# 5D Mark III has offcially been ordered!!!! WHOOOOOO!



## AmberAtLoveAndInk (May 15, 2014)

I posted a while back asking why a certain canon camera was so cheap and the conversation quickly turned to which full frame I should upgrade to from my 60D, well it took about 3 weeks of begging but the hubby ordered the 5D Mark III for me today!!! Eeeee!!! I think I might float away with all this happiness. I hear nothing but rave reviews from this camera, any owners have some inside info on this bad boy and if you think its good enough to be "your last body"?


----------



## Designer (May 15, 2014)

No, someday you will want/"need" a second one.


----------



## IronMaskDuval (May 15, 2014)

Congratulations! Those things are great for trading in towards a Nikon. :blackeye:


----------



## robbins.photo (May 15, 2014)

AmberAtLoveAndInk said:


> I posted a while back asking why a certain canon camera was so cheap and the conversation quickly turned to which full frame I should upgrade to from my 60D, well it took about 3 weeks of begging but the hubby ordered the 5D Mark III for me today!!! Eeeee!!! I think I might float away with all this happiness. I hear nothing but rave reviews from this camera, any owners have some inside info on this bad boy and if you think its good enough to be "your last body"?

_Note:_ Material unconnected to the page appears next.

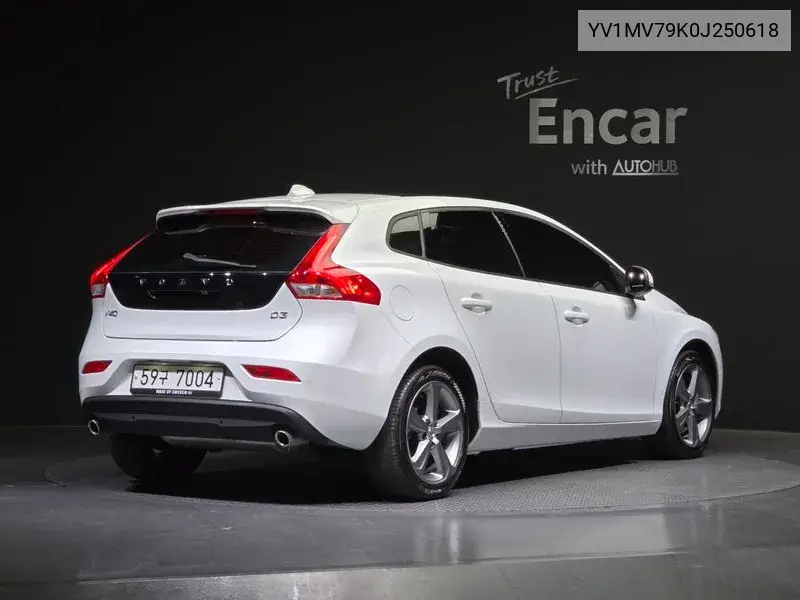 V40 D3 2Nd Generation VIN: YV1MV79K0J250618 Lot: 39053289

You actually made that Eeeeee!!!! sound when he told you didn't you.  {Shudder}.  Girls.  Yikes.   Lol


----------



## TheFantasticG (May 15, 2014)

Congrats. I'm kinda in the same boat waiting for my D7000 to die before I upgrade... Although my CFO will have to approve have non-business related purchase.


----------



## robbins.photo (May 15, 2014)

TheFantasticG said:


> Congrats. I'm kinda in the same boat waiting for my D7000 to die before I upgrade... Although my CFO will have to approve have non-business related purchase.



Well if she does do her a favor and don't make that Eeeeee!!! sound.. lol


----------



## TheFantasticG (May 15, 2014)

robbins.photo said:


> Well if she does do her a favor and don't make that Eeeeee!!! sound.. lol



I won't be if she's lucky I'll show her my O face

Hahaaaaa!!


----------



## AmberAtLoveAndInk (May 15, 2014)

Designer said:


> No, someday you will want/"need" a second one.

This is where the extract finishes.